Considering market capitalization, debt and cash we estimate a current enterprise value of $879M at the time of writing.

Allied Nevada is currently heap leaching oxide ore at the Hycroft mine. There are enough reserves to support a six-year mine plan at present. Using a discounted cash flow model and assuming a gold price of $1,300/oz our economical model yields an NPV (8%) of $460M.

Studies to build a mill to process sulphide ore are under way. A feasibility study is scheduled for the second half of 2014, which will give a better indication of the value of the sulphide ore.
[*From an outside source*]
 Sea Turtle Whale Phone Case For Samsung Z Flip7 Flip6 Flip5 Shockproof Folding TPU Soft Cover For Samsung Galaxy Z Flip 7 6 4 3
Until this point in time we value the sulphide 17.8M gold-equivalent reserve ounces at a conservative $50/ounce or $890M due to the refractory nature of the sulphide ore.
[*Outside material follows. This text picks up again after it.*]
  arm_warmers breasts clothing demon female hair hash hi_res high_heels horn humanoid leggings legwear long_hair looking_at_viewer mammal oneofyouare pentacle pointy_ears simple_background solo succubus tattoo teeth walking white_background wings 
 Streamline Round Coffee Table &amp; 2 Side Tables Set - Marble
For the purpose of this valuation we are ignoring additional near-mine resources and resources at the company's other projects and arrive at a sum-of-parts valuation of $1.35B.

Given these numbers we conclude that the market is valuing Allied Nevada at only 65%. Keeping in mind that we have made conservative assumptions this dismissive stance by Mr. Market may well indicate a hidden buying opportunity.

So without further ado, here is our investment thesis. Needless to say, it differs somewhat from the doomsday opinion voiced in the article referenced in the first paragraph.

The Thesis

Allied Nevada's share price has severely underperformed the sector during the ongoing gold price correction. The company has just posted quite positive results for Q3/2013. One quarter does not make a trend reversal, but we are certainly watching the company's progress from here onwards very closely.

Another positive quarter or two along with positive news on the ongoing oxidation study for the sulphide ore due out early in 2014 could easily see this stock rerate much closer to its asset value. Such a move could be exacerbated by a short squeeze, considering that 18% of the outstanding shares are currently sold short. Our price target in such an event would be around the $5 mark.

This thesis is based on the assumption of a gold price remaining at least at current levels; and the assumption that no further bungles in operating the mine and the plant will occur. And this is certainly the wild card in our thesis considering patchy past performance.

The other point of concern is future need for capital once a development decision is made for the sulphide expansion, which might well include a hefty equity component when it happens. However, we would assume that such a move is at least another year away from now.

Disclosure: I have no positions in any stocks mentioned, and no plans to initiate any positions within the next 72 hours. I wrote this article myself, and it expresses my own opinions. I am not receiving compensation for it (other than from Seeking Alpha). I have no business relationship with any company whose stock is mentioned in this article.